Excuse me, but am I the only woman not celebrating the return of football season? Today the NFL lockout ended and now the loss of my husband’s mind begins. Somehow we’ve been lucky enough to make it through fourteen football seasons together but I always fear that this year will be the last. Before Superbowl, I begin to harbor fantasies about throwing a rock through the television. Or moving to Europe where they don’t care about this barbaric American sport. I don’t want to sound unpatriotic. I love our country. And I’m sorry to sound like a grouchy, nagging wife. But I am. I hate football season.
Mind you, I wasn’t always this way. In fact, in high school I was actually a cheerleader (which sounds sort of frightening now but that’s another column). Anyway, I was on the sidelines with a giant megaphone in my hand cheering for each play. Ok, I admit that I thought people were more interested in watching my routine than the game-but my heart was there. I really wanted the team to win!
At USC, it was practically a requirement to attend and enjoy football games. I almost minored in tailgating. There was a certain crispness in the air and plenty of kegs. Those were good times.
When Brian and I married he said, “I can’t believe I’m lucky enough to have a wife cool enough to sit around and watch football with me on Sundays.” Truth was, I was teaching full time, and was so tired by Sunday that a day spent on the couch sounded great. Sure, I was more interested in the commercials then the actual game. But I still sat there, often with a house full of his friends, spilling beer on my rug and leaving a mess behind. I never complained.
Then, we had our first baby and everything changed. Including my tolerance for football. Suddenly, Sundays meant another day alone, cleaning diapers, playing pretend, feeding and bathing, all while he sat on the couch and watched football. Yes, I appreciated his hard work during the week. And yes, I knew how lucky I was to be able to afford to stay home with our first child. But, somehow seeing him sit on the couch like a shell, watching that television and rooting for a touchdown, started to make me crazy.
It sounds cliché but it’s true!
“Brian, can you please take out the trash. It’s overflowing and smells terrible.”
“After this play.”
“Brian, can you please help Zack finish his book report. It’s due tomorrow and I’m cooking dinner.”
“After this play.”
Worse is when he doesn’t hear me at all.
“Brian, can you please take the dogs out for a walk?” I say.

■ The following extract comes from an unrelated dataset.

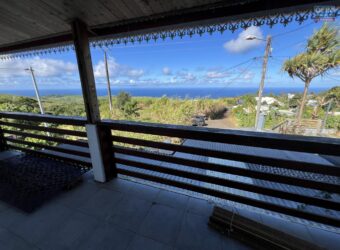 Superbe maison T5+ entièrement rénovée avec vue mer située à Petite île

The kids are fighting and crying, the dogs are barking, dishwasher running and television blaring. I raise my voice. “Can you take the dogs for a walk?”
“Take these damn dogs out!”
“When did you get so grouchy?”
Now, I love Brian and I support him in almost everything, but this football thing has gotten totally out of control. Monday night football is important. All day Sunday he flips channels to watch pregame talk, post game talk. He isn’t interested in listening to me talk that much about anything.

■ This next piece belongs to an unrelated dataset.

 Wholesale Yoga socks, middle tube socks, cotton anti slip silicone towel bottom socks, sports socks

A few years ago came Fantasy Football. “What the heck is that?” I asked.
“We meet preseason and draft players for our team,” he said.
“What team?” I asked. Was he joining a cult?
“My fantasy team,” he said.
“Is this some kind of Dungeon and Dragons thing?” I asked, suddenly worried.
I really thought this year would be different. I hoped that the players would never agree to this negotiation like a child hopes for a teacher’s strike. Remember when the MTA buses went on strike in LA and it was so much easier to navigate the busy city streets? That’s how I felt about not having a football season.
Imagine hanging out in your backyard with and watching the leaves turn colors. You could take the kids to a pumpkin patch without having to worry about getting home in time for the next game. There’s back to school activities galore. As for sports, AYSO is enough isn’t it? Seriously, it would be wonderful to spend fall without football and with my husband instead. I can’t be the only one to feel this way. Can I?